Early Renaissance in Italy 1400–1479

Renaissance artists emerged in Florence around 1400. A defining moment was the year 1401 in which a competition was held. The winner was to sculpt a set of bronze doors of the Baptistery of Florence Cathedral. The competition drew entries from seven young sculptors including Brunelleschi, Donatello and Lorenzo Ghiberti. Ghiberti won the commission and Brunelleschi, in turn, became famous for architecting the dome of Florence Cathedral and the Church of San Lorenzo.

Donatello became renowned as the preeminent sculptor of the Early Italian Renaissance, his masterpiece is the unusually erotic statue of David, which became an icon of the Florentine republic.
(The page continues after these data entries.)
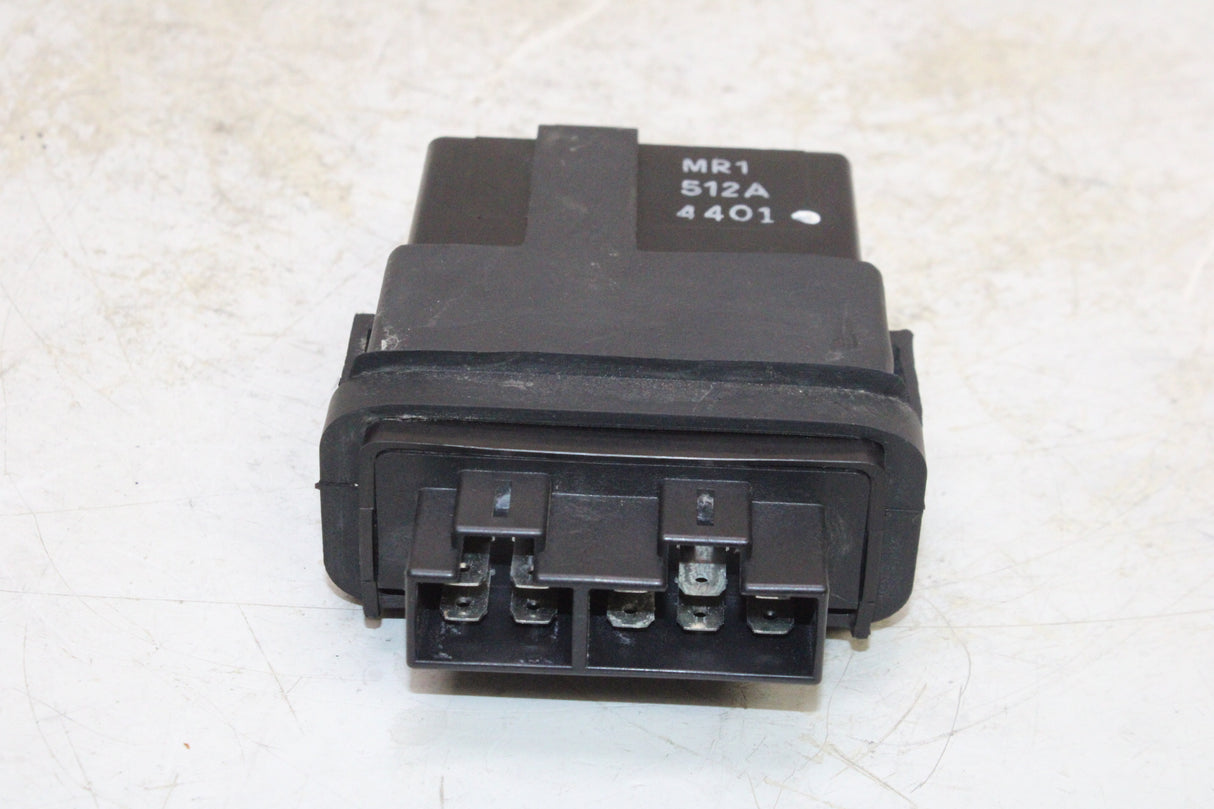 1995 Honda Shadow VLX 600 VT600C OEM ECU COMPUTER CONTROLLER UNIT ECM CDI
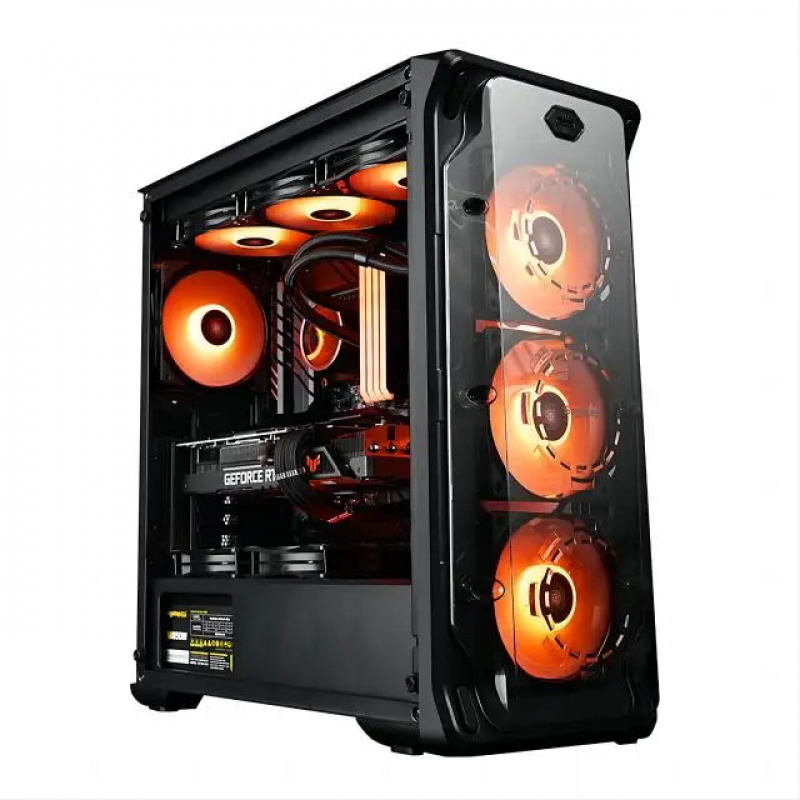 Intel Cpu Core I9 - Aotesier gaming pc gamer E5 2680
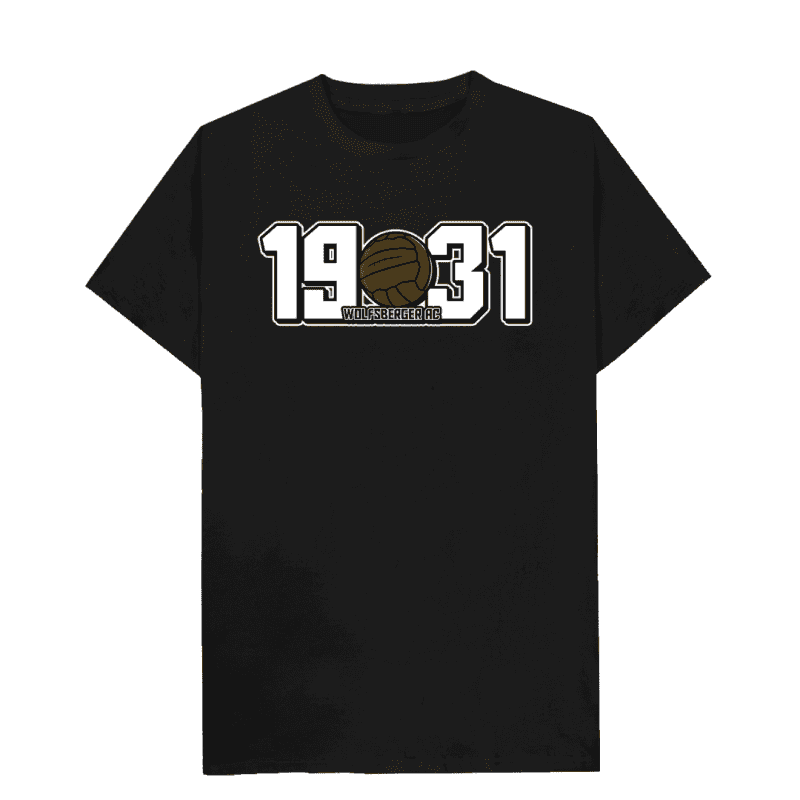 Wolfsberger 1931 T-Shirt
The painter Masaccio, furthered the trend towards figurative naturalism of face and gesture. Masaccio completed several panel paintings but is best known for his fresco work.

Early Renaissance in France 1385–1520

Ordinarily, the French Renaissance is said to extend from the French invasion of Italy in 1494 during the reign of Charles VIII until the death of Henry IV in 1610. However, certain artistic, technological or literary developments associated with the Renaissance arrived in France much earlier as evident from the Burgundy court and the Papal court in Avignon. The Black Death of the 14th century and the Hundred Years’ War in France put a dampener on French adoption of Renaissance thinking.

High Renaissance in Italy, 1475–1525

What most people have come to associate with the renaissance is art from its maturing High Renaissance. Two artists stand out as the epitome of High renaissance art. One was the multi-talented Leonardo da Vinci. The other was the sculptor Michelangelo.

German Renaissance art 1497 – 1600

The German renaissance is sometimes also tucked into the umbrella term of the Nothern Renaissance. German states and principalities were highly influential in both transforming and transmitting the Italian craze to the rest of Europe. The German innovation here was, with some sweeping generalisations, a more gothic-looking painting style. But more importantly, it was the printing press. With printing ‘dangerous ideas’ spread, and some took hold in the populations leading to the Protestant Reformation. The perhaps most significant German Renaissance artist is Albrecht Dürer. He is known for his prolific printmaking in woodcut and engraving, which spread all over Europe.

The German Renaissance spread from Germany to France, Poland, and back into the Netherlands, which, in part, explains why it has become almost synonymous with Nothern renaissance. Finally, the English cottoned on to the Nothern Renaissance rather late and somewhat reluctantly.